WHAT THIS TASK INVOLVES:
One part of the entries below is wanted: the lines from the one containing "15x10ft Office Backdrop" through the one containing "Klara™ | Blumenmuster Maxi-Kleid". Write those out exactly and nothing else.

[[ DATA TO USE open ]]

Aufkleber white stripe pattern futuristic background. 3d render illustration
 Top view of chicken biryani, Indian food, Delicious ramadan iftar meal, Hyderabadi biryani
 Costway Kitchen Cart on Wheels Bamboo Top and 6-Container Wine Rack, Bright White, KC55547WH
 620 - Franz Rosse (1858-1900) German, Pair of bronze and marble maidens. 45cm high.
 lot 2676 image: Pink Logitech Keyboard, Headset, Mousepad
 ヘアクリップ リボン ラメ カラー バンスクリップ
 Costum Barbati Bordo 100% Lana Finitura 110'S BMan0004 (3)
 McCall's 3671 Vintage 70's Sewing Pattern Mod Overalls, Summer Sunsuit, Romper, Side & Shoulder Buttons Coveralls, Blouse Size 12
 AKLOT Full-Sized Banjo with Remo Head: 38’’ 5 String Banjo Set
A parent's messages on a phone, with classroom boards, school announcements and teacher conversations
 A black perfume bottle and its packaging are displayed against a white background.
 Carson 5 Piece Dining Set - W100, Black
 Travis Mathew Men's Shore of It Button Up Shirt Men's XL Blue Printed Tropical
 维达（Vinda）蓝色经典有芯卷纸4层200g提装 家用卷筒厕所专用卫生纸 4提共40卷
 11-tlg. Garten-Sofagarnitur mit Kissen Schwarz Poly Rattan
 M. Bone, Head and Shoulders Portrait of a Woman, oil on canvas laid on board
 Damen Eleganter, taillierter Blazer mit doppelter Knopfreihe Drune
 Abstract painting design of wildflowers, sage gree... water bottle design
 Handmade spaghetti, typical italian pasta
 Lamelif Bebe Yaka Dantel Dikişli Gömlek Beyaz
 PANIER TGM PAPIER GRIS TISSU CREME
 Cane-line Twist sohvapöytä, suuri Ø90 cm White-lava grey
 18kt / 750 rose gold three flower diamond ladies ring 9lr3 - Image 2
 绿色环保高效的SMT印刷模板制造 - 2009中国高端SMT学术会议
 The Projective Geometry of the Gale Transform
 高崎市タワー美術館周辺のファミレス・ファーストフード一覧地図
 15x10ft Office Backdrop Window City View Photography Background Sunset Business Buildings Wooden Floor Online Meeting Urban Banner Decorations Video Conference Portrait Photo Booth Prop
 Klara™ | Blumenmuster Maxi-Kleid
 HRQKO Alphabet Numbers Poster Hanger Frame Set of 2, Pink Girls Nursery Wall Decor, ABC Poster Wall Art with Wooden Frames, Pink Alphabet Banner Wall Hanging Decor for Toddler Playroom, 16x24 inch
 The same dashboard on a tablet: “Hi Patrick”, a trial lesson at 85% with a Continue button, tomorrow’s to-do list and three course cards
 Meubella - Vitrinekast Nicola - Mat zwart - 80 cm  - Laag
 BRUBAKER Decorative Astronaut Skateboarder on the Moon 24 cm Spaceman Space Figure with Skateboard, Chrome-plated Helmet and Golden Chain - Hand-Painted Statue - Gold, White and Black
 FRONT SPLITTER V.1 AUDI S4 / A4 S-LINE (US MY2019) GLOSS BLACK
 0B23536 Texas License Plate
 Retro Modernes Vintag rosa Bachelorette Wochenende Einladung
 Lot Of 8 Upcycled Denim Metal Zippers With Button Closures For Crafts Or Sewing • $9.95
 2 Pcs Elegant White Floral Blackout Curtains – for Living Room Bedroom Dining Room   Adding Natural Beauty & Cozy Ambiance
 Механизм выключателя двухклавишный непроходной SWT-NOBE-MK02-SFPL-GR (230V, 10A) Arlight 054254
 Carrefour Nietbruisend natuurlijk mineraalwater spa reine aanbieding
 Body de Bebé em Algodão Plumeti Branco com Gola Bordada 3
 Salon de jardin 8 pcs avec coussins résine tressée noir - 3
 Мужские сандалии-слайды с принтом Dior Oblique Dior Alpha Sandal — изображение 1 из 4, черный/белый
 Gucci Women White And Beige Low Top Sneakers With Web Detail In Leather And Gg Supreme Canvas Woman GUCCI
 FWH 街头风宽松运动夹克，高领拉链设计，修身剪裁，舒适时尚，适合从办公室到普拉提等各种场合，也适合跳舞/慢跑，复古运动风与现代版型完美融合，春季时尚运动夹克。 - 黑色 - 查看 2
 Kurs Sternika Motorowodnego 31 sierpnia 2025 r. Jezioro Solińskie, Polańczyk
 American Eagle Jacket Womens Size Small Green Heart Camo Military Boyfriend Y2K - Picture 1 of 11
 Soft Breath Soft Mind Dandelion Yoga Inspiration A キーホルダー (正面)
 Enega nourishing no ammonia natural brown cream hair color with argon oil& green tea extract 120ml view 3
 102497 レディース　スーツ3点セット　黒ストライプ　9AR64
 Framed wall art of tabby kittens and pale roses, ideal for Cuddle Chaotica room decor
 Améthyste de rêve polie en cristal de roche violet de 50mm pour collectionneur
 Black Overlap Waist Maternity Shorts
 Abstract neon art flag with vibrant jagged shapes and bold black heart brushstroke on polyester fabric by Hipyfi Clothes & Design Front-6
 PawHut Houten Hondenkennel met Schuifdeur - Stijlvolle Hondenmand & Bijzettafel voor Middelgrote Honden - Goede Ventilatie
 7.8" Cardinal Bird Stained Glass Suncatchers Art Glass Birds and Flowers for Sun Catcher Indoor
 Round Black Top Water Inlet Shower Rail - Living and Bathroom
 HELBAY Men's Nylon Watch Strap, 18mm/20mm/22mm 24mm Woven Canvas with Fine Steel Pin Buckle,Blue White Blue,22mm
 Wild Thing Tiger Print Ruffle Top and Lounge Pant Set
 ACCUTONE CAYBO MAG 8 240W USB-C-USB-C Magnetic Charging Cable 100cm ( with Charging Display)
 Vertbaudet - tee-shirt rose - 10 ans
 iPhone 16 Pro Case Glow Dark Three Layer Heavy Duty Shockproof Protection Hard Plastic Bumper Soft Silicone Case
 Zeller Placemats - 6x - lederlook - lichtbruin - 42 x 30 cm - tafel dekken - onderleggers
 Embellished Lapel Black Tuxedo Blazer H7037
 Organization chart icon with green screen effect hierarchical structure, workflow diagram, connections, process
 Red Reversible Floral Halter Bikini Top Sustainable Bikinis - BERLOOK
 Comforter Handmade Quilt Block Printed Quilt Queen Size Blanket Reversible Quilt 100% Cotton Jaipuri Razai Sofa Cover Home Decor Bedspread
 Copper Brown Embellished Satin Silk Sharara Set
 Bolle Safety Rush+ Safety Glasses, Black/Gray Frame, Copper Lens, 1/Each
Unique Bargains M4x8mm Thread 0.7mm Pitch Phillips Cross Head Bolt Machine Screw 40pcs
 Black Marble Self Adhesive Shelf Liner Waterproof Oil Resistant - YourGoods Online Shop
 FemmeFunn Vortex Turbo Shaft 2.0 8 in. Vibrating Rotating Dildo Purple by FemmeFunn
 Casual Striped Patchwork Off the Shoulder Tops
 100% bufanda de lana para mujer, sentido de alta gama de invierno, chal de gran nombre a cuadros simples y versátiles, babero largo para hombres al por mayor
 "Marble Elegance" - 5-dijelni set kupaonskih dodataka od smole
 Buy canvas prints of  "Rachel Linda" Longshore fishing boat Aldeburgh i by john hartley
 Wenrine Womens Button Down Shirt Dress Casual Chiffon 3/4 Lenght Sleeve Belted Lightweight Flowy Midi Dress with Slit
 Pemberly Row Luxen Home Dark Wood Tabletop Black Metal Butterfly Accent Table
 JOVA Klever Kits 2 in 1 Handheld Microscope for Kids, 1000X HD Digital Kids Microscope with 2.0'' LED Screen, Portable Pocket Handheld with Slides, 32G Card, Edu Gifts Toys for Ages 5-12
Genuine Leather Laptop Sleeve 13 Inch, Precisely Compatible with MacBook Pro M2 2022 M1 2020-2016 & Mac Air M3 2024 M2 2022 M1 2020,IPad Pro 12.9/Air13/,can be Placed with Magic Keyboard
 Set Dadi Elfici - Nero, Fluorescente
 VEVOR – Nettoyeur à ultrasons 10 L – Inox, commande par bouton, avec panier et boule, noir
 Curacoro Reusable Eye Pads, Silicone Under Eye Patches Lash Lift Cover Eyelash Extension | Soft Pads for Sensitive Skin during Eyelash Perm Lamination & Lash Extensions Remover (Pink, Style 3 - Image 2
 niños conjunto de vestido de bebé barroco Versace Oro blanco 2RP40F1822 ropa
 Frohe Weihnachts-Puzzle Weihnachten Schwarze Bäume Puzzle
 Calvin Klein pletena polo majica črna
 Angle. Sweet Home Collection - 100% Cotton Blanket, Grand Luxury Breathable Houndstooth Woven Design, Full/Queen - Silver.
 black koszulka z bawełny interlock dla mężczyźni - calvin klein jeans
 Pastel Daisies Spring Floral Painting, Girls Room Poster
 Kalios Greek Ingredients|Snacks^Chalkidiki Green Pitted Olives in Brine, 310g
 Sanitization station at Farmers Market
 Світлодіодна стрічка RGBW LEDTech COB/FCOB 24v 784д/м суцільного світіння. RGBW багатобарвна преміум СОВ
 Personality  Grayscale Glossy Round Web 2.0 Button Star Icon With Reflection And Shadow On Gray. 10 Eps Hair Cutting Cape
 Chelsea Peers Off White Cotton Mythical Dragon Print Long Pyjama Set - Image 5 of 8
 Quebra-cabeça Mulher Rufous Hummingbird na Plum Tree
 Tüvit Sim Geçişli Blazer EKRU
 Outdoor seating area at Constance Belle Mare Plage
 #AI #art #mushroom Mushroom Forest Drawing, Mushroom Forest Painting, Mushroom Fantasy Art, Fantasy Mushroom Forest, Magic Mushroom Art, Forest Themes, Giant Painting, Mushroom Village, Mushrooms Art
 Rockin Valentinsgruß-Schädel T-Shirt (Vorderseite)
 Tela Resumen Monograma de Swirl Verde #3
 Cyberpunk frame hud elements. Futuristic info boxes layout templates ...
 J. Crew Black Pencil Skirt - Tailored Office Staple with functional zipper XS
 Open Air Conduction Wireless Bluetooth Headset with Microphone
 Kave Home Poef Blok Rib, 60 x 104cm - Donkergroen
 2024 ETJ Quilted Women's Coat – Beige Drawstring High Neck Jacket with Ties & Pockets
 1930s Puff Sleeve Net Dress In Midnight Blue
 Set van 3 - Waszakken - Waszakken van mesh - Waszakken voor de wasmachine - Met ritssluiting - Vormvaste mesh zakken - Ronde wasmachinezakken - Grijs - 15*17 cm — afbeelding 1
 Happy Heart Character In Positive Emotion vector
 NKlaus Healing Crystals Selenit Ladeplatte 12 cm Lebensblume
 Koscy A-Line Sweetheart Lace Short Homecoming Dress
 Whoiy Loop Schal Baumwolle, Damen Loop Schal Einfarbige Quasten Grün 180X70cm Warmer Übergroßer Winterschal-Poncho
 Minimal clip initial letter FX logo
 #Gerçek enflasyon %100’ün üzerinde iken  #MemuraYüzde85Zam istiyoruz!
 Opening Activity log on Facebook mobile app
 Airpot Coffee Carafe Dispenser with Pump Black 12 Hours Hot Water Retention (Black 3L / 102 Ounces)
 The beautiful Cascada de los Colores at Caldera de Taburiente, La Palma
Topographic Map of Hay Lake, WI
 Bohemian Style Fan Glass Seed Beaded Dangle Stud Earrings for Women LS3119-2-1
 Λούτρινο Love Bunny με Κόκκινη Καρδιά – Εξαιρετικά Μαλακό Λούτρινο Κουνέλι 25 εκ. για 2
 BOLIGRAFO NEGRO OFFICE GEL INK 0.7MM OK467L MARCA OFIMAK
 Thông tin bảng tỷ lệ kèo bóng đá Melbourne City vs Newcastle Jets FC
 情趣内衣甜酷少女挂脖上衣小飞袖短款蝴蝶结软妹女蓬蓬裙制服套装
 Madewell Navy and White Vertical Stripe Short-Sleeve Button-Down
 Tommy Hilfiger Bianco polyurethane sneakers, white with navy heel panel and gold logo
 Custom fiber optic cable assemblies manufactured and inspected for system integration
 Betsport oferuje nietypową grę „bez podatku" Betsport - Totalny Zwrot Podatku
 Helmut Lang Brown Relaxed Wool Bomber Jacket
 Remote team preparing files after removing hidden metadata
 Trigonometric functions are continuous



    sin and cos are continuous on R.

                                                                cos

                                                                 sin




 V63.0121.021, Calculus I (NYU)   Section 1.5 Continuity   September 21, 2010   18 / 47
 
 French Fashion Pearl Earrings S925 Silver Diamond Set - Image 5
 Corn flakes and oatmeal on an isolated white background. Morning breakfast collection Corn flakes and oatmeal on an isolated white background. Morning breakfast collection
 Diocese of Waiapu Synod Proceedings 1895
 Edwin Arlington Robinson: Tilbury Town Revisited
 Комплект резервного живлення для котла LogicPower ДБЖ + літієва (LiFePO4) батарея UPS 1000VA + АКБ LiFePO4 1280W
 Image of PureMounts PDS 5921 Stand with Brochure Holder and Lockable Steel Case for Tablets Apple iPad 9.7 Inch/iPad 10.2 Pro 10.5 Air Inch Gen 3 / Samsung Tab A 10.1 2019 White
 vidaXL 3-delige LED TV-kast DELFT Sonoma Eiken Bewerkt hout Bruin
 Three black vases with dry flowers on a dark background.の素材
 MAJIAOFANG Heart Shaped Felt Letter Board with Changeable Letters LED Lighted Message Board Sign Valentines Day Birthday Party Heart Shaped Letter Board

[[ DATA TO USE closed ]]

SOLUTION TO THE EXERCISE:
 15x10ft Office Backdrop Window City View Photography Background Sunset Business Buildings Wooden Floor Online Meeting Urban Banner Decorations Video Conference Portrait Photo Booth Prop
 Klara™ | Blumenmuster Maxi-Kleid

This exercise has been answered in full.